In this installment of our just-created series “Common Sense Necessary for a Functioning Democracy Prevails,” Colorado Governor Hickenlooper signs into law House Bill 15-1290, a “right to record” police. DIY Photography reports about this new Colorado law.
It’s not that we have anything against police officers per se. We don’t. They’re just like any other population of specialists out there, from lawyers to doctors to…bloggers. Which is to say: there are some great ones, there are some terrible ones, and most of them just get by.
And we need them. For the most part.
Last month we wrote about the near-miss in Arkansas of an exceptionally ill-considered bill that would have made it a crime to photograph or film anyone in Arkansas without a signed release.
That’s right: renowned street photographers like Henri Cartier-Bresson, Margaret Bourke-White, Mary Ellen Mark, Joel Meyerowitz, Robert Frank, Vivian Maier – let alone war photographers like Robert Capa – would all have been criminals in Arkansas.
As would have been the people whose smartphone videos in South Carolina and Texas led to murder charges against one police officer, and the resignation of the other.
Way to go, Arkansas legislature.
On the other hand, we have Colorado, which just passed a law which affirms a new “check and balance” on police behavior, House Bill 15-1290, also known as “Right to Record.”
If only we had as effective a check and balance on politicians and corporations…
Colorado Law Makes Police Harassment of Photographers Illegal
Via DIY Photography:
This new Colorado law is called “Stop Police Interference Cop Incident Recordings”. The summary of the proposed bill stated:
“The bill creates a private right of action against a peace officer’s employing law enforcement agency if a person records an incident involving a peace officer and a peace officer destroys the recording or seizes the recording without receiving consent or obtaining a warrant or if the peace officer intentionally interferes with the recording or retaliates against the person making the recording.
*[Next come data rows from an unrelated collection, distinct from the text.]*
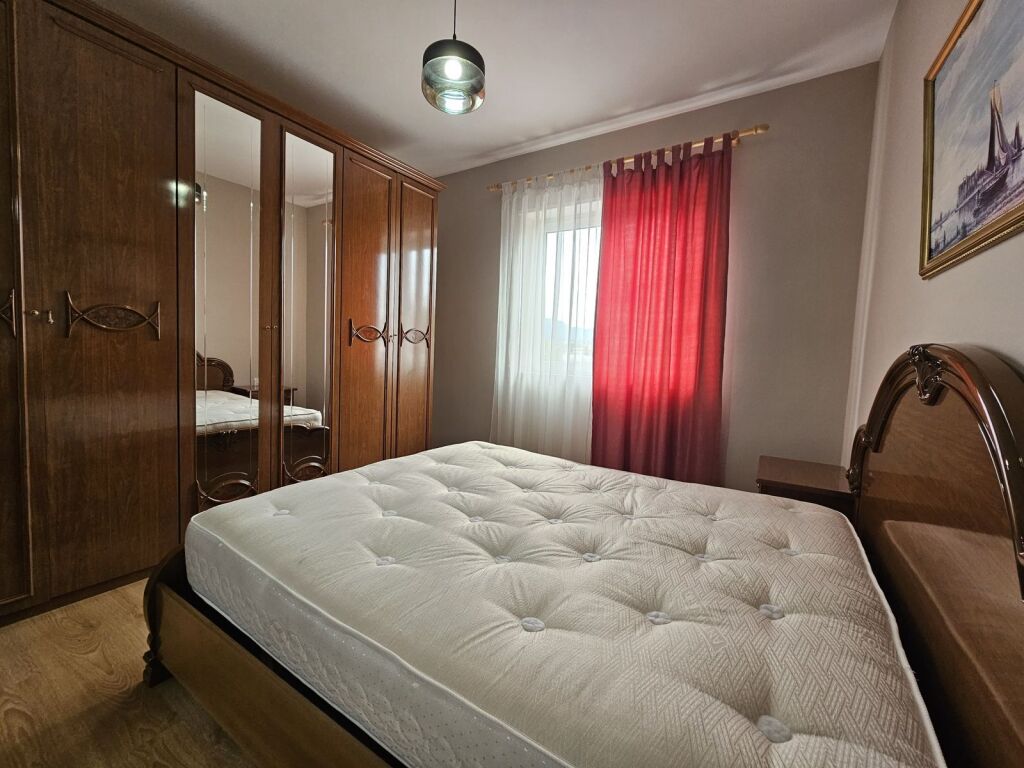 Apartament 2+1+2 me qira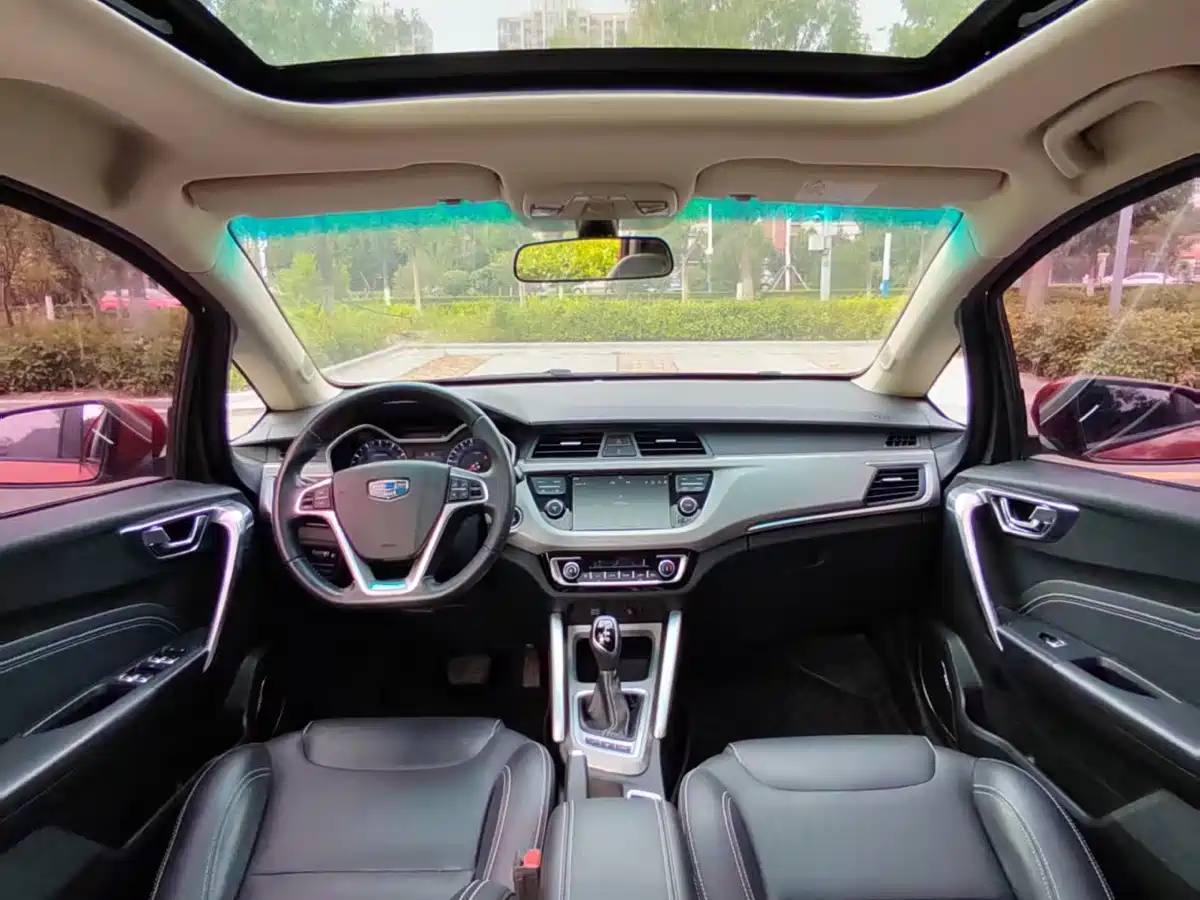Фото 9 - Geely Vision X3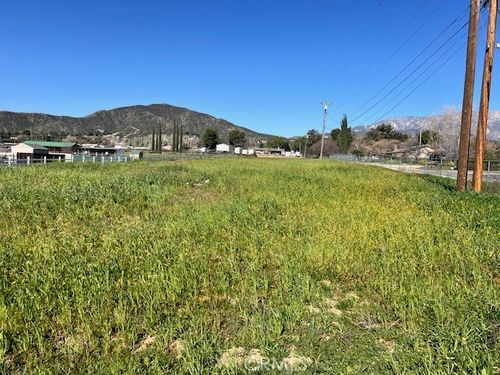 39068 Vineland St, Cherry Valley, CA, 92223-4434 | Card Image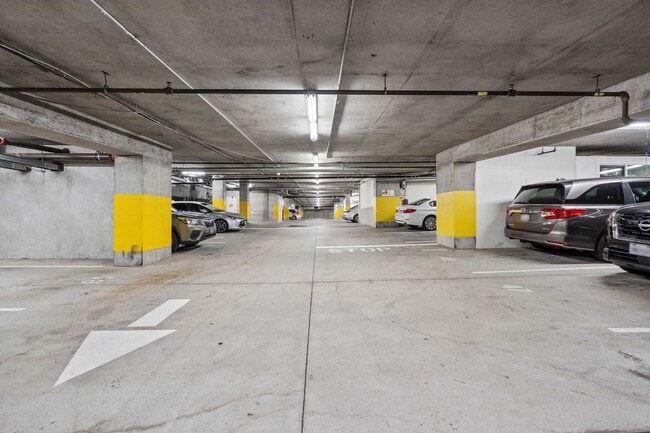 Building Photo - Light Filled 2 Bed, 2 Bath South Beach Por...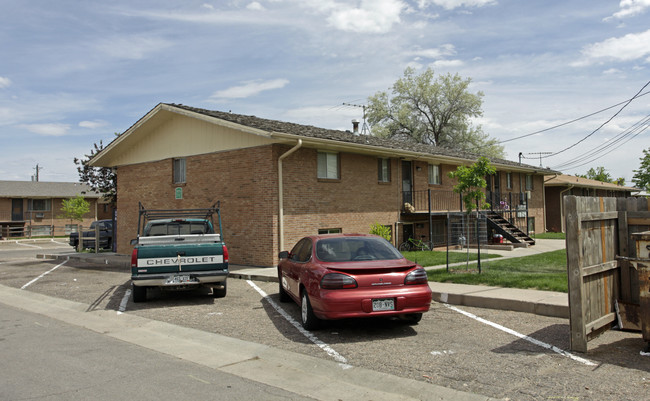 3001 Lakeside Dr in Evans, CO - Building Photo - Building Photo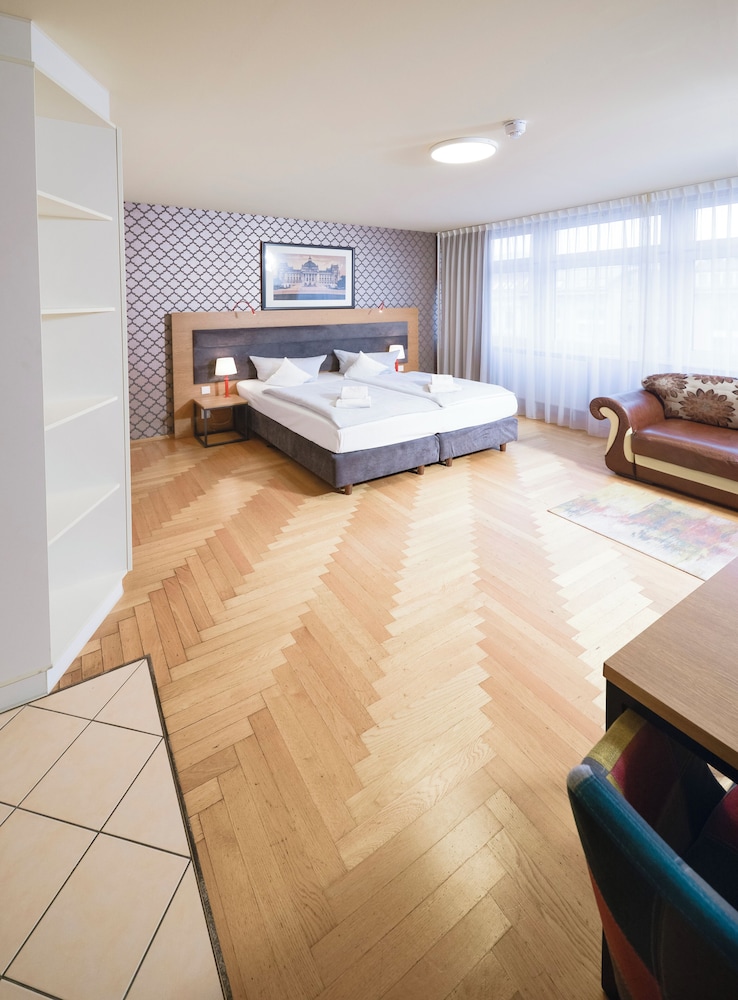 Amc Apartments Kurfurstendamm 42/68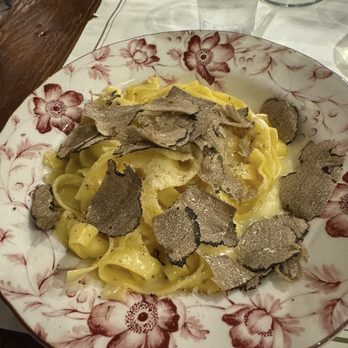 Vanda - Feteculle with black truffle pasta - Italian Near Me - Rome, RM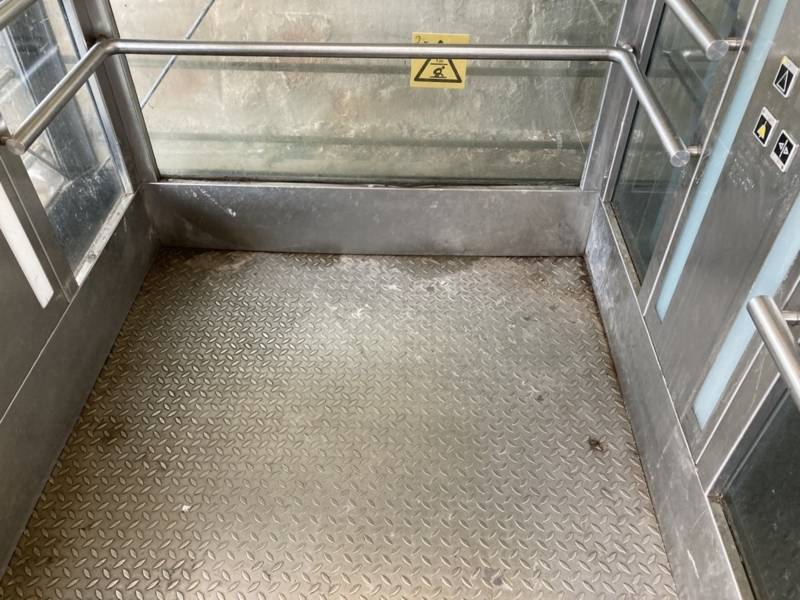Innenansicht eines Fahrstuhls an einem Bahnhof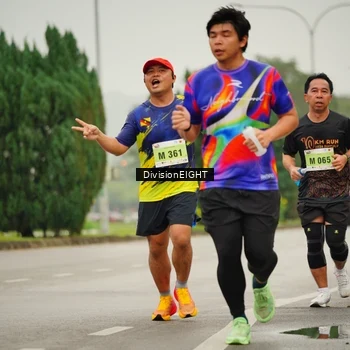 Runner Photo 8495283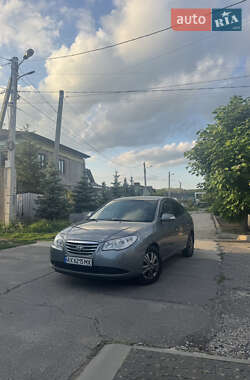 Седан Hyundai Elantra 2010 в 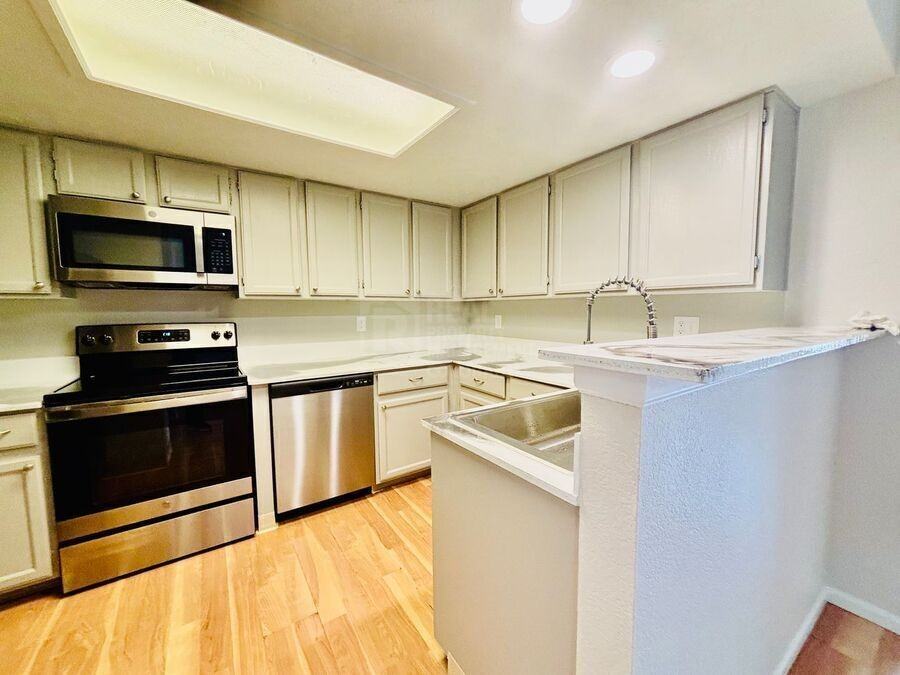 8134 Gray Ct #506 - Photo 3 of 19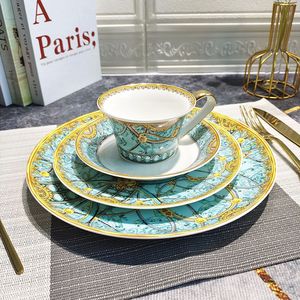 Service de table de luxe en porcelaine fine série V, assiettes plates en céramique pour steak, assiettes à dessert, assiettes à fruits secs et gâteaux, tasses et soucoupes pour thé et café - Product Image 1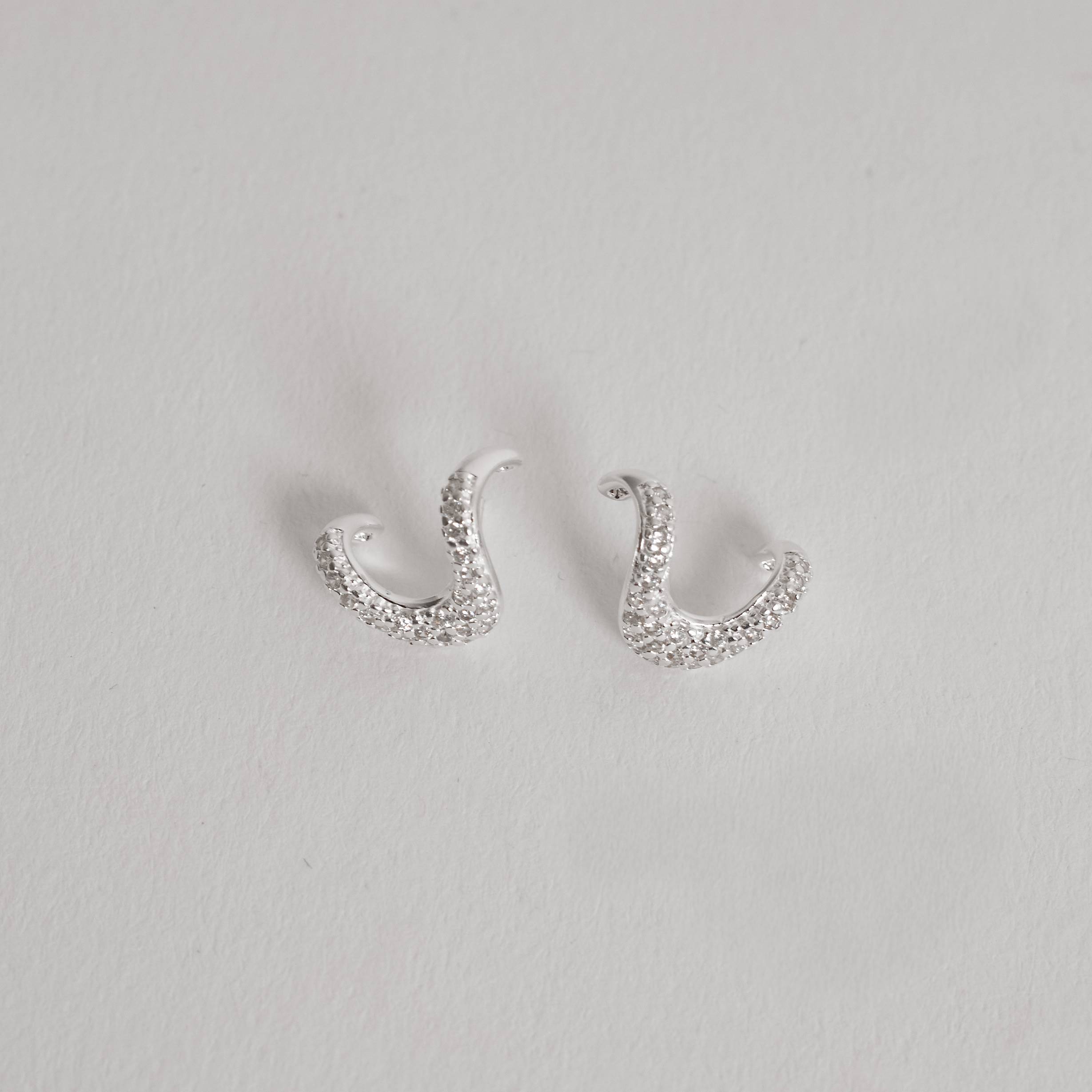 Imagem Secundária Brinco curva toda cravejada 15mm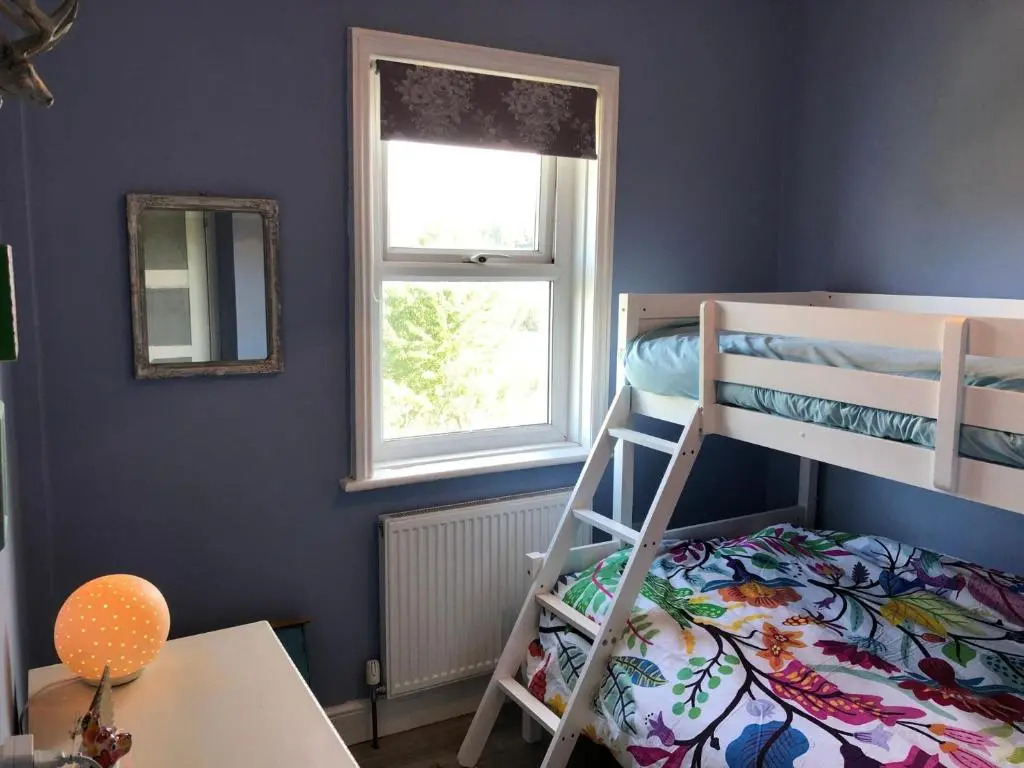 Charming 4BD Semi Detached Home Hastings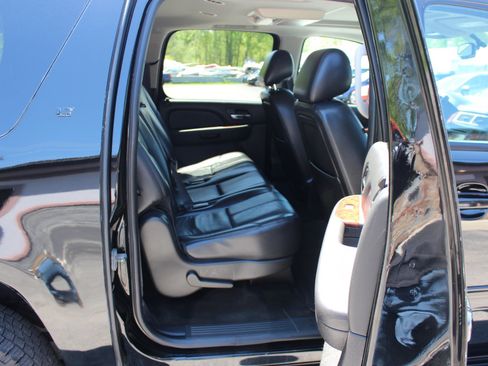 Used 2014 Chevrolet Suburban LT AWD/4WD image 42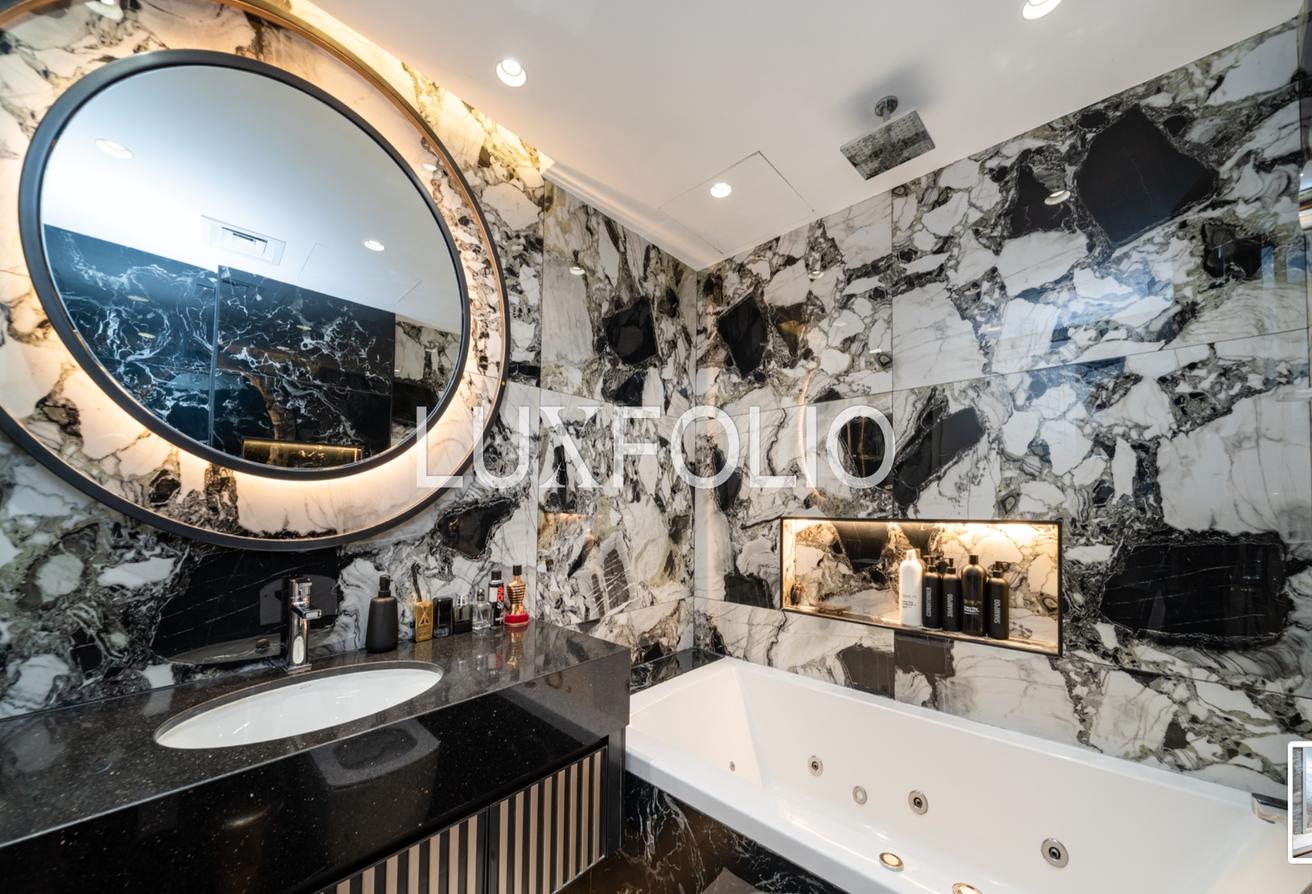 Premium | Lake View | Immaculate photo 20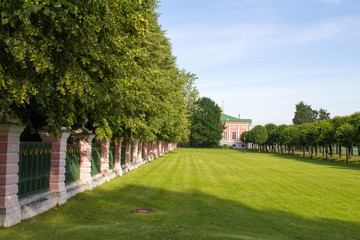Парки Москвы. Дворянская усадьба Кусково. Забор усадьбы с деревьями и газон. © 1802185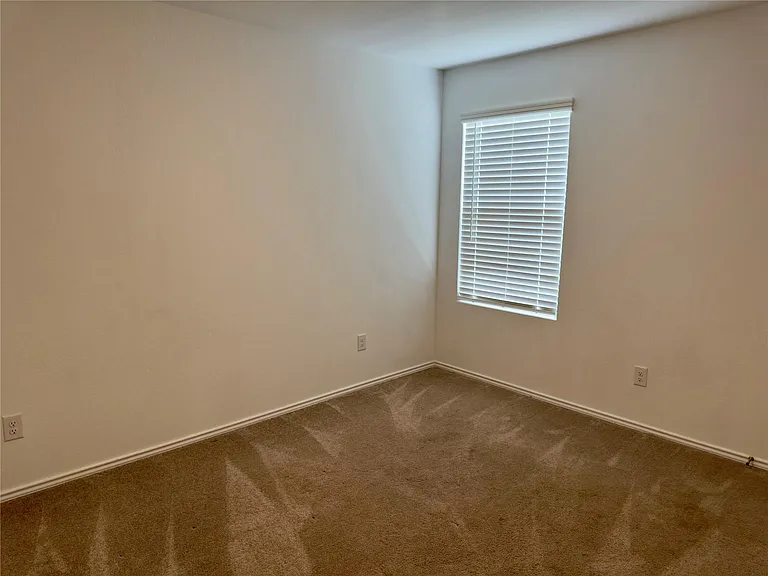 510 Sunray Dr — Photo 16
The person who recorded the peace officer incident is entitled to actual damages, a civil penalty of $15,000, and attorney fees and costs.”
We are happy to announce to our police-stalking shutterbugs that House Bill 15-1290 was signed into law by Colorado governor Hickenlooper (gotta love a man of power with that name) on May 20th.
Read full article at DIY Photography “Colorado Law Makes Police Harassment of Photographers Illegal”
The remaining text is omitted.